REQUIREMENT
Transcribe exactly, and without pictures, the lines from the one that contains "Apartament 2 camere" through the last line of the material.
★ ★ ★ ★ ★ ★ ★
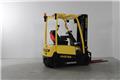 Hyster J2.0XNT, Electric Forklifts, Material Handling
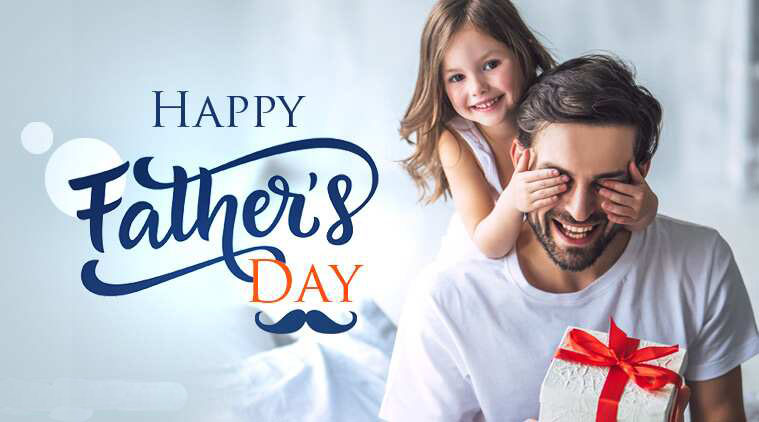 Happy Fathers Day Wishes Celebrate the Day with Love and Gratitude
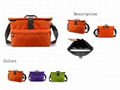 Man laptop bag ultrabook bag business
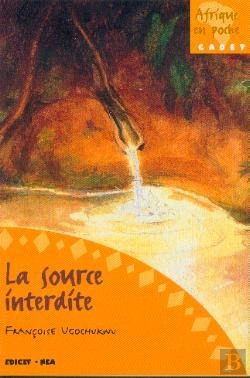 Bertrand.pt - La Source Interdite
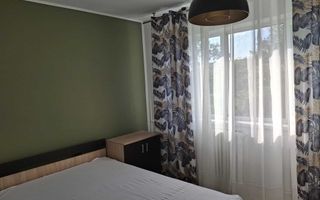 Apartament 2 camere renovat, zona Podu Ros - Iasi - Poză 4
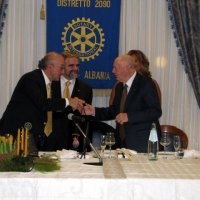 rotary_045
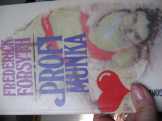Frederick Forsyth: Profi munka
★ ★ ★ ★ ★ ★ ★
EXPECTED ANSWER
 Apartament 2 camere renovat, zona Podu Ros - Iasi - Poză 4
 rotary_045
Frederick Forsyth: Profi munka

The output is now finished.